Update to Selenium script
robrady opened this issue · 4 comments
Thanks for sharing your selenium code.
In case anyone is interested, I've adapted it further and made some changes to the interface.
import selenium_gtrends_api as sg
keywords = ["test keyword A", "test keyword B"]
download_folder = 'c:/users/<<username>>/Downloads/'
api = sg.SeleniumGtrendsAPI(download_folder, geo = 'IE')
keyword = "test keyword A"
related = api.get_related(keyword, "2023-01-01 2023-12-31")
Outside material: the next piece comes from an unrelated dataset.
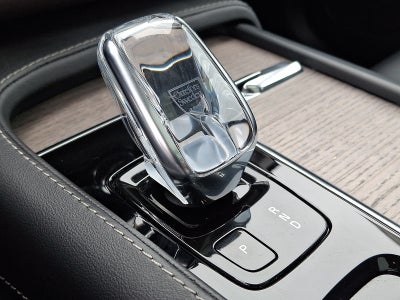 2022 Volvo XC90 Recharge Plug-In Hybrid T8 Inscription Extended Range 6P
multi = api.get_multi_timeline(keywords, "2023-01-01 2023-12-31")
api.quit()
Adapted library is:
from selenium import webdriver
from selenium.webdriver.chrome.options import Options
from selenium.webdriver.support.ui import WebDriverWait
from selenium.webdriver.common.by import By
from selenium.webdriver.support import expected_conditions as EC
import http.cookies
import pandas as pd
import urllib.parse
import os
import time
import glob
from curl_cffi import requests as cffi_requests
MAX_RETRIES = 5
class _ScrapeAssistant():
def __init__(self):
pass
def click_and_download_file(self):
pass
def get_df_from_file(self):
pass
def filename(self):
pass
class _MultitimelineScrapeAssistant(_ScrapeAssistant):
def __init__(self):
return
def click_and_download_file(self, api):
excel_button_xpath = "//div[1]/trends-widget/ng-include/widget/div/div/div/widget-actions/div/button/i"
WebDriverWait(api.driver, 10).until(EC.visibility_of_element_located((By.XPATH, excel_button_xpath)))
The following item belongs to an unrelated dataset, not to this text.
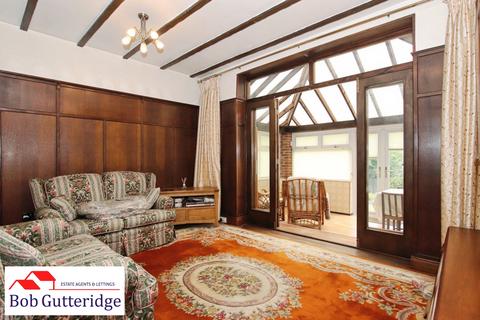 4 bedroom detached house for sale, Inglewood Drive, Porthill, Newcastle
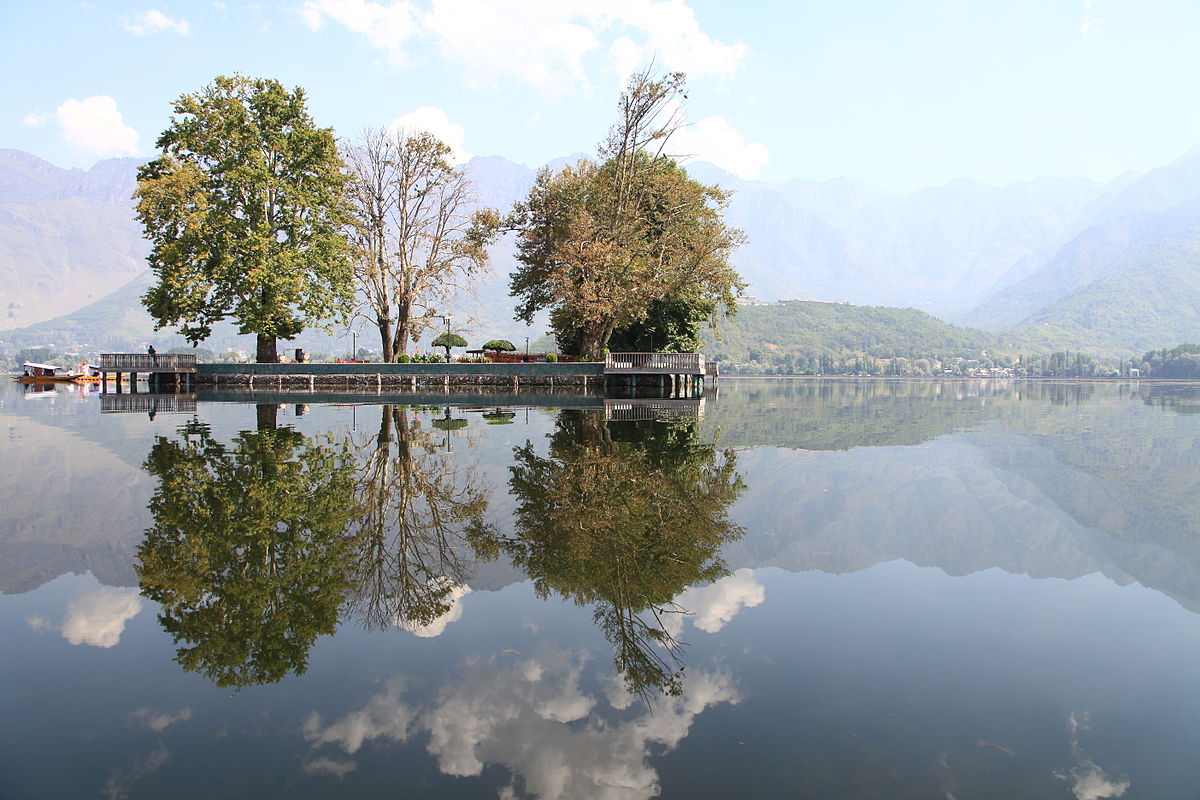 https://commons.wikimedia.org/wiki/File:Char_Chinar_at_Dal_Lake,_Kashmir.JPG https://commons.wikimedia.org/wiki/File:Char_Chinar_at_Dal_Lake,_Kashmir.JPG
api.driver.find_element(By.XPATH, excel_button_xpath).click()
time.sleep(1)
pass
def get_df_from_file(self, api):
interest_df = pd.read_csv(api.download_folder + 'multiTimeline.csv', skiprows=2)
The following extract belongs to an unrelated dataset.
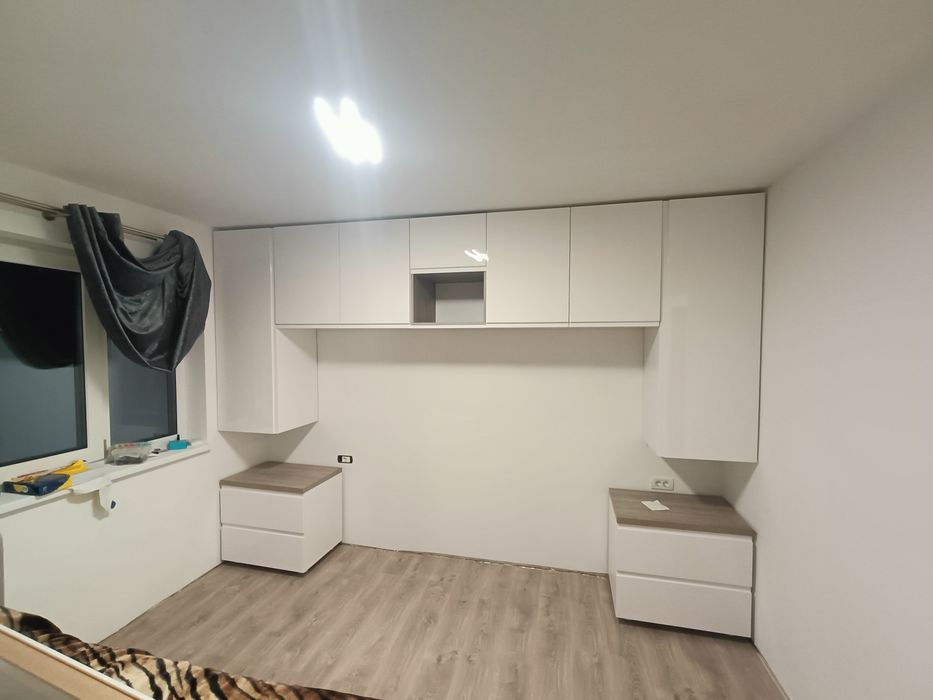 Mobilier la comanda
old_columns = list(interest_df.columns)
geo_label = api.geolabel
new_columns = [column.replace(f": ({geo_label})", "") for column in old_columns]
new_columns = [column.replace("Week", "date") for column in new_columns ]
rename_dict = dict(zip(old_columns, new_columns))
interest_df = interest_df.rename(columns = rename_dict)
# Define the date column name
date_column_name = 'date'
# List of columns to be converted (excluding the date column)
columns_to_convert = [col for col in interest_df.columns if col != date_column_name]
# Replace "<1" with 0 in specified columns
interest_df[columns_to_convert] = interest_df[columns_to_convert].replace('<1', 0)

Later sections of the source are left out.